# How does the simulator of the special-honest verifier zero-knowledge property works?

I’m a bit confused about what the simulator of the special-honest verifier zero-knowledge property of a $\Sigma$-protocol is supposed/allowed to do and how to prove that it is indeed efficient (i.e. it runs in a time polynomial in the security parameter).

A 3-move protocol between a prover $P$ and a verifier $V$ is said to be Honest verifier zero-knowledge if there exists a polynomial-time simulator $M$, which on input $x$, it outputs an accepting conversation of the form $(a,e,z)$, with the same probability distribution as conversations between the honest $P, V$ on input $x$.

In order to prove this property, we need to define a simulator, which is usually given black-box access to a honest $V$ and has full control over all $V$'s input tapes (including its random tape). I've found in many papers the following sequence of steps:

 1. The simulator starts the verifier V: the verifier is given the common input x,
some auxiliary input and also the random input bits.

2. To simulate one iteration, the simulator executes the following loop:

2a) Draws a uniformly random challenge e, uniformly random response z,
then computes the commitment a (using e and z), and finally sends the commitment
to the verifier V.

2b) Gets the challenge e' from V. If e=e', then it outputs (a,e,z) and exits the loop.
Otherwise, it resets V to its state right after step 1 and the simulator starts
from step (2a) again.


It seems to me that the random bits of $V$ are chosen in step 1 and kept fixed for the rest of the simulation, so the verifier works deterministically and he will always send the same challenge $e^{\prime}$ after step 1.

If this is so, I wonder, in the case of a fail run, why is the simulator drawing a brand new challenge, response, etc. all over again in step (2a)?

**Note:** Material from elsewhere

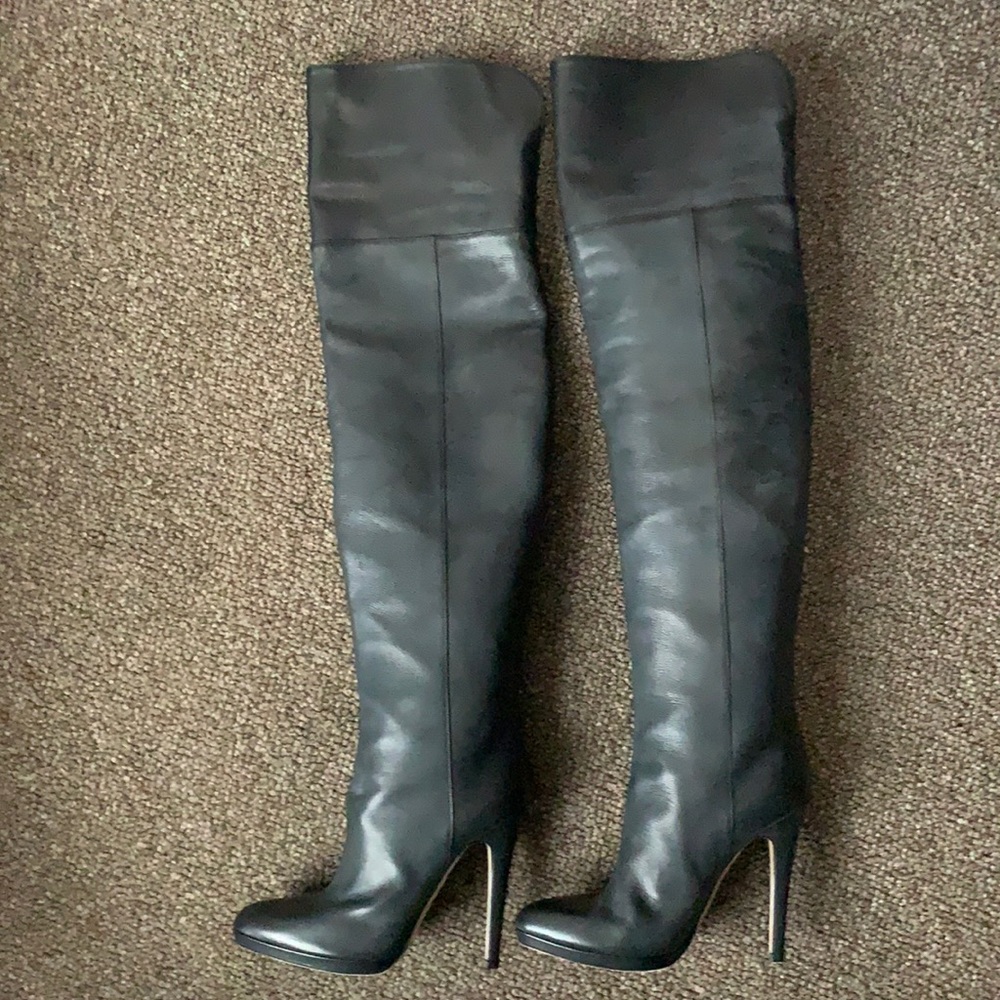 Jimmy Choo Black pebble grain leather Otk size 8.5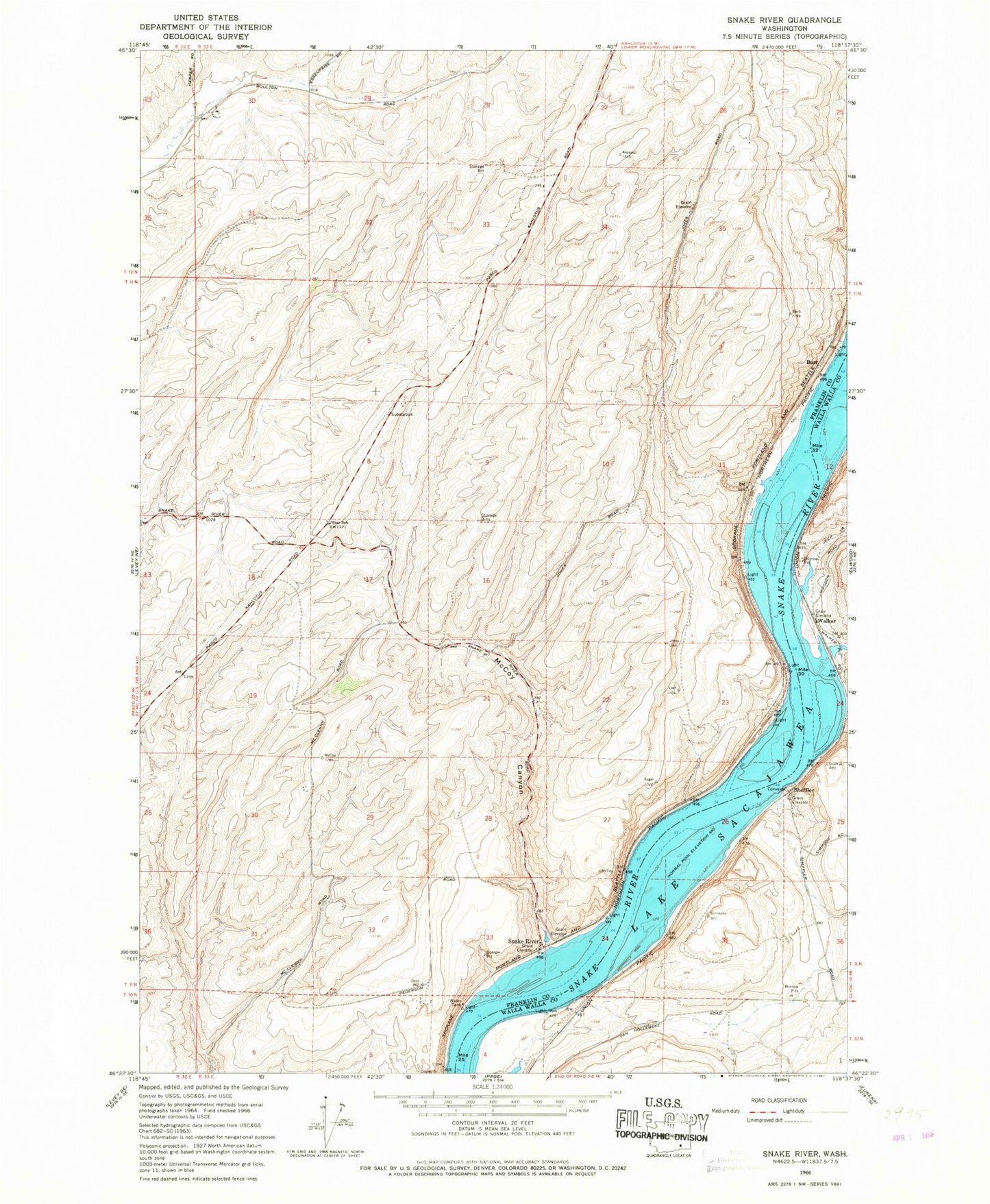 Classic USGS Snake River Washington 7.5'x7.5' Topo Map Image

Isn't the simulator allowed to use the challenge it just saw coming from the verifier ($e^{\prime}$) as its own new guess of the verifier's challenge?

My second question is: How do we proof now that the simulator is efficient, that is, that the simulator will only need to run a time polynomial in the security parameter before being able to produce an accepting transcript with the correct distribution? According to the above reasoning, and assuming that the simulator is indeed allowed to use the verifier's challenge $e^{\prime}$ as its new guess of the challenge, wouldn't the simulator always need two runs at most, to generate a valid simulated transcript?

I hope these questions make sense.

EDIT:

Some days after I first asked the question, and after having seen that I didn’t get any answer, I’ve noticed a problem with the question I had raised. The sequence of steps I described are not the ones that a simulator would do in order to prove the property of Special-honest verifier zero-knowledge (otherwise the simulator would receive a challenge as input), but to prove the Honest verifier zero-knowledge property (without the “special” part). Therefore, I've edited the question so as to talk about the property of Honest Verifier Zero-Knowledge.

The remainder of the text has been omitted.